(Scraped caption text data)
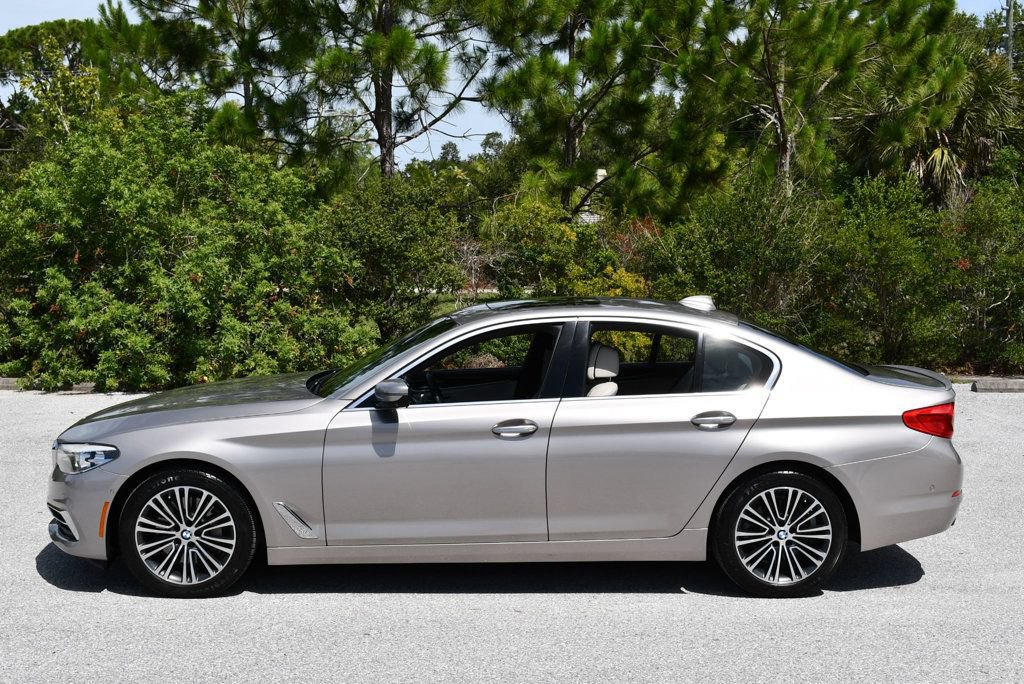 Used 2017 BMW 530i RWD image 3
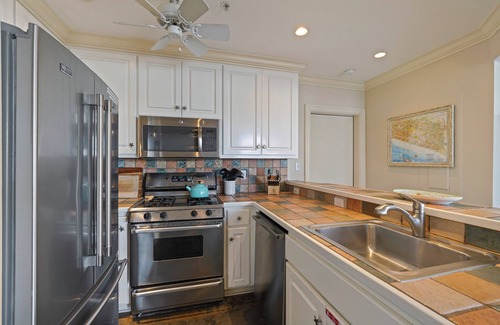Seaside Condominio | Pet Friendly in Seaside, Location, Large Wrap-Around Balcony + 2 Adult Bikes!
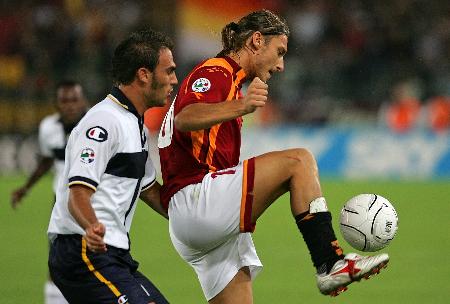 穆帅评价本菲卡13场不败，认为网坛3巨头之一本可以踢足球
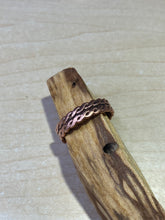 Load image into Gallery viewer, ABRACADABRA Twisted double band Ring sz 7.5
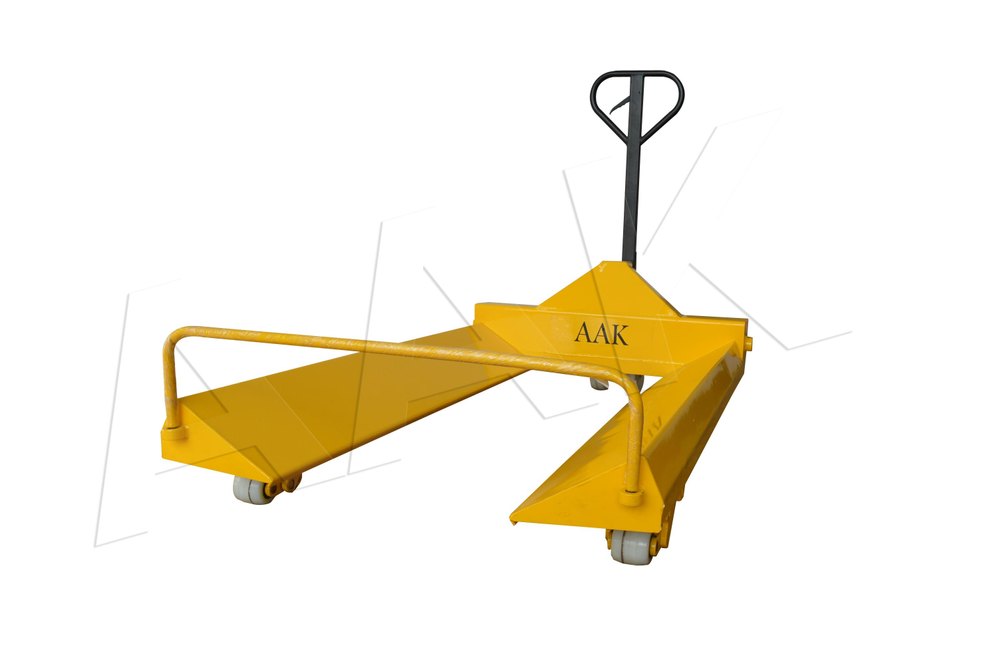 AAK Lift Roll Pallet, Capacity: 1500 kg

WHAT YOU SHOULD DO:
Retype exactly, please, the span from the line holding "Load image into" through the closing line of the data, both ends included, without the pictures.

EXERCISE ANSWER:
 Load image into Gallery viewer, ABRACADABRA Twisted double band Ring sz 7.5
 AAK Lift Roll Pallet, Capacity: 1500 kg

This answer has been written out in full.